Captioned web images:
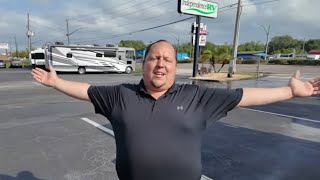 Grand Opening Independence RV Showing 4 Big Newmars! by Matt's RV Reviews 6,183 views 5 days ago 24 minutes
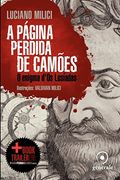 A Página Perdida de Camões. O Enigma D'Os Lusíadas (Em Portuguese do Brasil)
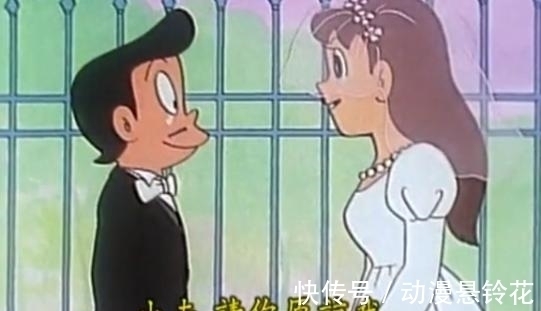 静香|哆啦A梦:原谅帽的剧情原来是真的?静香还有这段往事?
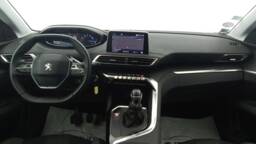 PEUGEOT 5008 5008 PureTech 130 Active +PDC AR/AV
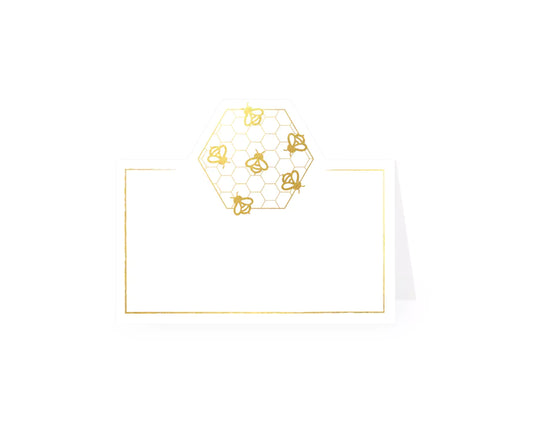 Rosh Hashana Place Cards
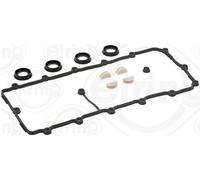 Kit listelli paraurti Sx 051.980 ELRING per AUDI A4 B6 Avant A4 B7 ALLROAD C5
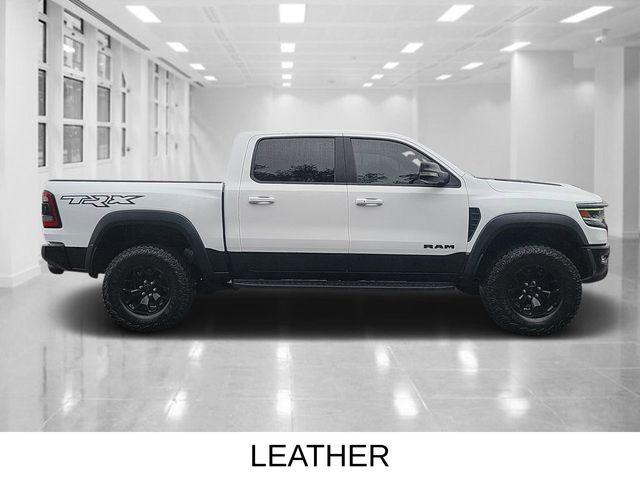 2022 RAM 1500 TRX Crew Cab 4x4 57 Box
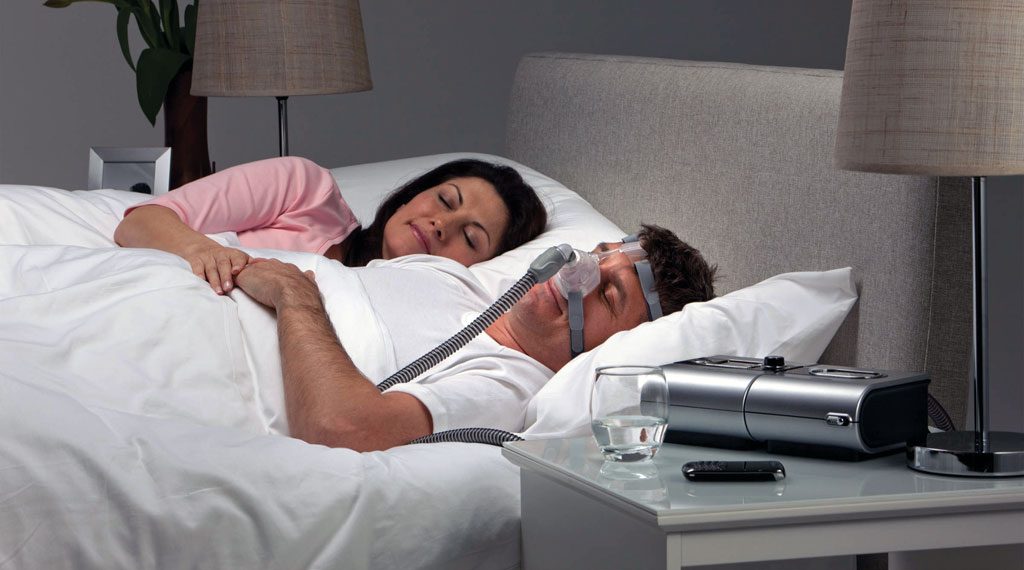 Sleep Apnea Screening Dubai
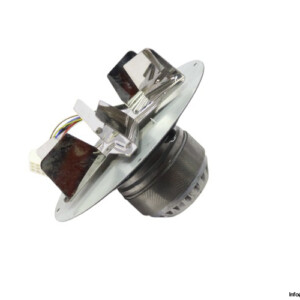IPC BLXM000016 Exhaust Blower FAN
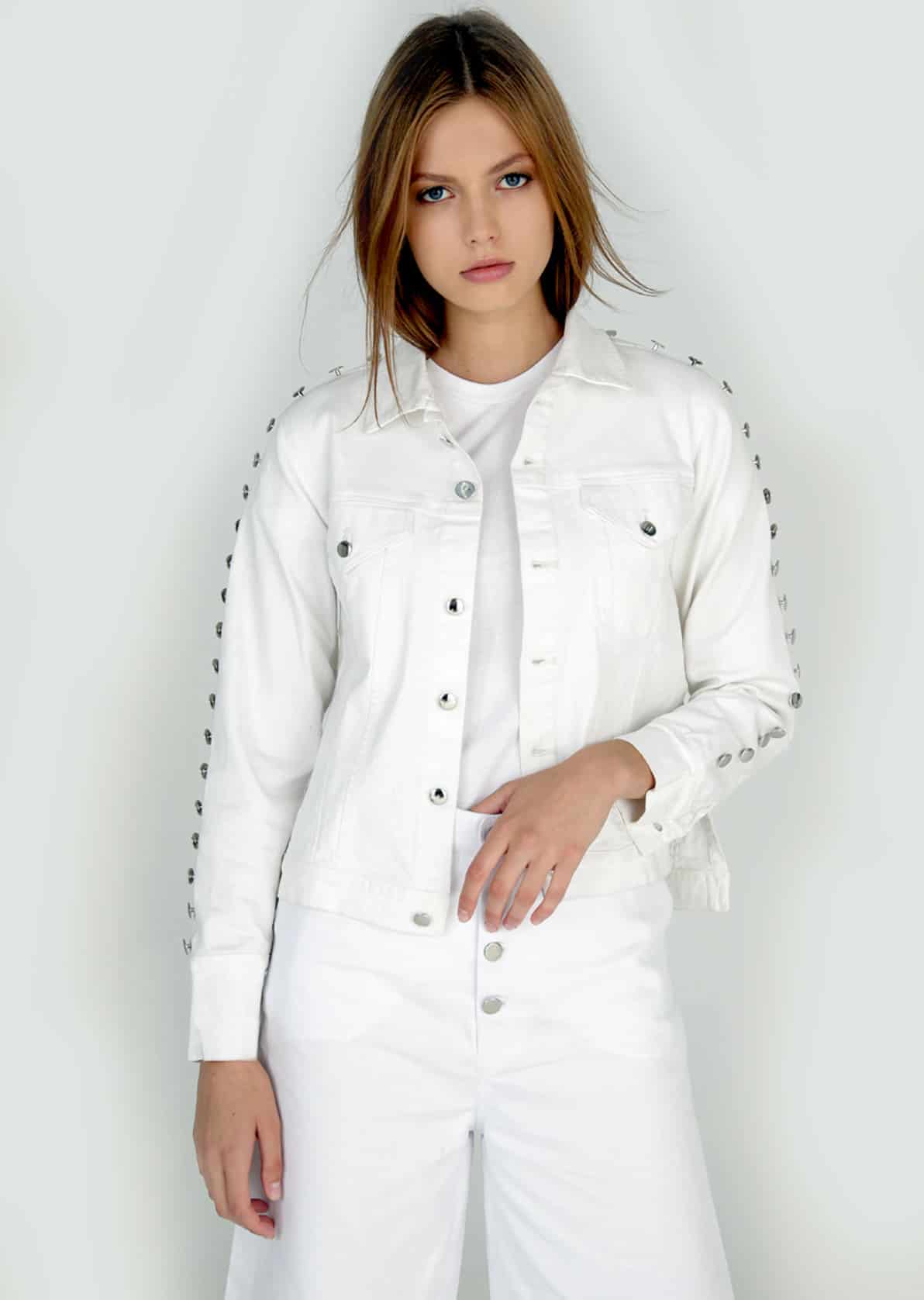 Emily Jacket - miniatura 3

AIM OF THE EXERCISE.
Only the lines from the one containing "Rosh Hashana Place Cards" through the last line of the entries above, both included, belong in the answer, written out exactly; pictures do not.

SOLUTION BELOW.
 Rosh Hashana Place Cards
 Kit listelli paraurti Sx 051.980 ELRING per AUDI A4 B6 Avant A4 B7 ALLROAD C5
 2022 RAM 1500 TRX Crew Cab 4x4 57 Box
 Sleep Apnea Screening Dubai
IPC BLXM000016 Exhaust Blower FAN
 Emily Jacket - miniatura 3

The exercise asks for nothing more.